There’s a lot of noise about the iOS7 UI, unsurprisingly. Some nuts are screaming about betrayal, and kill the fanboys; also, unsurprisingly. For me, some things I like, some I don’t – some of the icons look too stripped back, the font grates on me; but that’s because similar ultra light fonts have already been heavily used by designers who have put it within clunky user interfaces.
It is true that we can now afford to drop the heavy hints about functionality, at least for more experienced users, and switching pseudo 3D for colour hints and creating a general air of lightness are sensible moves. And the leather and baize had to go.

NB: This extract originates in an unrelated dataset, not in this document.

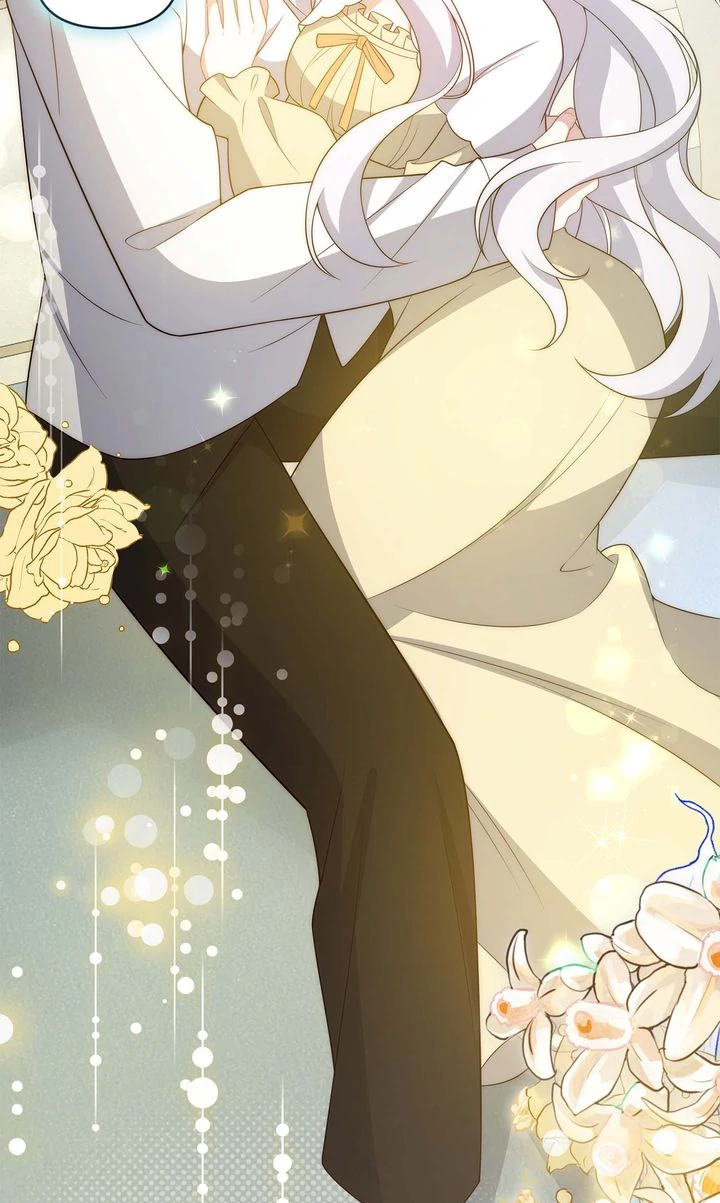 At the Duke’s Command Chapter 22 - Page 58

The biggest problem for developers with the changing resolutions of iOS, and the insistence on using pixels over points, has been the need to create graphical assets in vector format, and constantly pump out different pixel resolutions every few months. Creating good, 3D icons is hard work, and places far too much emphasis on the least important part of usability – graphic design. Hence the rise of the clunky, unintuitive but very pretty user interfaces. Apple have contributed plenty to this problem themselves, with the way the Apple Design Awards have rewarded pretty and glitz over smooth operation.
Back to the point.
With iOS7, I can see myself building apps with zero bitmap images. Careful, light, font choices (not always Helvetica Neue Ultra Light, please!), a light colour scheme, off-white backdrops (no textures), colour hinting instead of buttons, and icon fonts when appropriate. Everything done within the scope of the unicode character set.
An app needs to have a colour, which will be used for all tappable areas. When disabled, controls go to a lighter grey (or pastel). Light grey dividers separate groupings of information.
The biggest area of catch up is going to be gestures. Gestural controls have to be reviewed and made consistent with whatever Apple have done in iOS7, and that’s not something we can easily get from screenshots and demos. The beta is going to change before release, far more than earlier versions. I wonder how the iPad version is going to behave, and how different it will really be from the iPhone build?